Giorgio Jossa addresses the question of when Christianity became a distinct religion, completely separate from Judaism.
The old view was that Christianity developed against a Jewish background dominated by “the Pharisees.” The Pharisees were the heart and soul of “normative Judaism,” out of which was born Rabbinic Judaism after the destruction of the Second Temple. Christianity officially separated from Judaism when the birkat ha-minim was added to the Amidah prayer about ten years later. But recent studies have revealed just how rich were the varied facets of Judaism in Jesus’ time that make such a truism questionable.
This book is organized in three chapters that address: 1) The Jews from 4 BCE to 100 CE, 2) The Christians from 30 CE to 100 CE, and 3) Jews and Christian as seen by the Romans.
In the first chapter the author argues that the old liberal Christian view of Schürer and Harnack, that Palestinian and Diaspora Judaism were quite distinct, is incorrect. He agrees with Martin Hengel’s view that Judea before the destruction of the Temple was very Hellenized. Within the Jewish homeland, Jossa writes, so great was the variety within Judaism that “every group in fact deviated from something that others believed essential” (p. 28).
How does this phenomenon bear on the incompatibility of emerging Christianity with Judaism in the milieu of all this diversity? Though all forms of messianism shared a Davidic hope, Jewish messianism was, at least in the first century, reluctant to identify the messiah with a historical person. The messianism of Christianity was distinct from the varieties of Jewish messianism in viewing its Messiah as divine.

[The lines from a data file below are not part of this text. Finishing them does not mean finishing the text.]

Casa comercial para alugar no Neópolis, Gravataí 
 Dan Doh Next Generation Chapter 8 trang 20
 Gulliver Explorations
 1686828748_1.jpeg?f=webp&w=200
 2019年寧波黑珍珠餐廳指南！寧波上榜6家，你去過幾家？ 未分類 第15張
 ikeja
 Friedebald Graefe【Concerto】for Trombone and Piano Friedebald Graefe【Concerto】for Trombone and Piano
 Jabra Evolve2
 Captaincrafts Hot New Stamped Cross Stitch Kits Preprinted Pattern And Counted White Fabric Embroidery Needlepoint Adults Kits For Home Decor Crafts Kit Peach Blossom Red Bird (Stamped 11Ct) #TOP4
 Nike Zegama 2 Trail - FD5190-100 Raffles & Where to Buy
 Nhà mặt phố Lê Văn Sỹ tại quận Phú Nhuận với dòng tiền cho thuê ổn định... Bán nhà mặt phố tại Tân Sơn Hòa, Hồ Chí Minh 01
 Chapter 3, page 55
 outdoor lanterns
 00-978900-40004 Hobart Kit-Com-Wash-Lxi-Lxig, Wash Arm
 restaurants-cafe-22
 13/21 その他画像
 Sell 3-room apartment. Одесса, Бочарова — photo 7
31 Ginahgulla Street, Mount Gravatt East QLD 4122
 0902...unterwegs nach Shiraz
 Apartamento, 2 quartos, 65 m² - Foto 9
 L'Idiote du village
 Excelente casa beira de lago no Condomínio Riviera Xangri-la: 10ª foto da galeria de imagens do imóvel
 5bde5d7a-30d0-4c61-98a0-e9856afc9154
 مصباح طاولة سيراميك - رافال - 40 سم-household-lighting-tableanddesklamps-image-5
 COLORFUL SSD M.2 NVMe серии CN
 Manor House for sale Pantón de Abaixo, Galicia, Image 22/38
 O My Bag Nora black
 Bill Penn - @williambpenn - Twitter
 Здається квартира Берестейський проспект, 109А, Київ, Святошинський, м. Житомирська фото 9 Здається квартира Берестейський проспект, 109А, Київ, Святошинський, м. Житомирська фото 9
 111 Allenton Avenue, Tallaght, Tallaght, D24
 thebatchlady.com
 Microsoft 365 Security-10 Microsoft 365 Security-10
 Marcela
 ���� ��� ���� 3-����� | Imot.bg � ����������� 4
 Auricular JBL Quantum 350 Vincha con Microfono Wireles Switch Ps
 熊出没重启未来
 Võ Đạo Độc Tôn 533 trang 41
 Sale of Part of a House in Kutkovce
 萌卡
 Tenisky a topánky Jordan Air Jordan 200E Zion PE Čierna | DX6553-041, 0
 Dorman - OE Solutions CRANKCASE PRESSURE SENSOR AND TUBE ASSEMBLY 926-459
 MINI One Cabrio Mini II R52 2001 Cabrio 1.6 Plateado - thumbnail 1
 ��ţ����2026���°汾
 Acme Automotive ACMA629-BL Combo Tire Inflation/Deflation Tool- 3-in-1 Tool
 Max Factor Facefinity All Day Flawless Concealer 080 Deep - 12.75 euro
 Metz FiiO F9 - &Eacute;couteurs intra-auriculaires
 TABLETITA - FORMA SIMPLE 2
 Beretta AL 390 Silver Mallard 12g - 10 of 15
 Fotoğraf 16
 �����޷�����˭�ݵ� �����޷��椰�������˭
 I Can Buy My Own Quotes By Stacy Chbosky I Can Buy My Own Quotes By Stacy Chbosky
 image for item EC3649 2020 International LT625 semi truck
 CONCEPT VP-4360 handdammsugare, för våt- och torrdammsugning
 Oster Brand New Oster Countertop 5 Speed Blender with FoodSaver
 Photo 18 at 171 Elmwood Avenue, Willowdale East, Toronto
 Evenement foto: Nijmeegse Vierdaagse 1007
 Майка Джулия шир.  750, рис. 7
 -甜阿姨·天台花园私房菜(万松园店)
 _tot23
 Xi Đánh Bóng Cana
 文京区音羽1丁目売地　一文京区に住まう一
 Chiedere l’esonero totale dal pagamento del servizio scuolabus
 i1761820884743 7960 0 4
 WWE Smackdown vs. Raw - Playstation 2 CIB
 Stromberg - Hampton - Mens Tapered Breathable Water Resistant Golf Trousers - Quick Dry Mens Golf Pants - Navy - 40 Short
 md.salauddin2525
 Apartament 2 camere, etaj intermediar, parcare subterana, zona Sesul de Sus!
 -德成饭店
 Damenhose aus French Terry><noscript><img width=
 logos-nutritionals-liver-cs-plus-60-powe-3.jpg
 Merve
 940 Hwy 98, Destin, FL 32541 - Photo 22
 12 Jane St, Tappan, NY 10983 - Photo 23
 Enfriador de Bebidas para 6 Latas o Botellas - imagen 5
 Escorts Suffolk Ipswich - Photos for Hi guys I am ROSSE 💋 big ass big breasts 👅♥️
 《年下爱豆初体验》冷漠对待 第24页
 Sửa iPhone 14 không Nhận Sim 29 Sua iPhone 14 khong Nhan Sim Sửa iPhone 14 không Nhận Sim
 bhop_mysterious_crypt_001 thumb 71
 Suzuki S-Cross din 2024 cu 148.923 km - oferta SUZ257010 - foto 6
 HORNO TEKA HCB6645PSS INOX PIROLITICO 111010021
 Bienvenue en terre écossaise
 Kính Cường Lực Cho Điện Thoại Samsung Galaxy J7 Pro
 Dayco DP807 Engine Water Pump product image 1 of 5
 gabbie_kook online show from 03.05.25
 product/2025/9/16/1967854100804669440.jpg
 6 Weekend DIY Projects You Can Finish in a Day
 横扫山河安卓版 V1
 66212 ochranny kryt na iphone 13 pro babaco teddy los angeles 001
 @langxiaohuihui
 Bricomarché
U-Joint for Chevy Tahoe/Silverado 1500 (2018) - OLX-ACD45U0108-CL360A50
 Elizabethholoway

Chapter two offers a tantalizing rebuttal of most current discussion of how early the new ideas Jesus introduced were recognized as distinct from Judaism. Contrary to the view that Jesus taught and did his work entirely as a participant in the manifold Judaisms of his time, the author argues that there was early on a distinct difference in Jesus’ teaching and perception of his identity. This uniqueness did not consist in a complete rejection of the biblical laws, and in particular of the pertinence of the Sabbath, as Neusner and others have proposed. Instead, albeit in an “allusive and enigmatic” way (p. 56), Jesus very early projected his messianic identity. “The explicit identification of Jesus with the Messiah took place only after the resurrection,” but this new identity was clearly implicit earlier in Jesus’ entry into Jerusalem on Palm Sunday and in the term “Son of David” applied to him early on.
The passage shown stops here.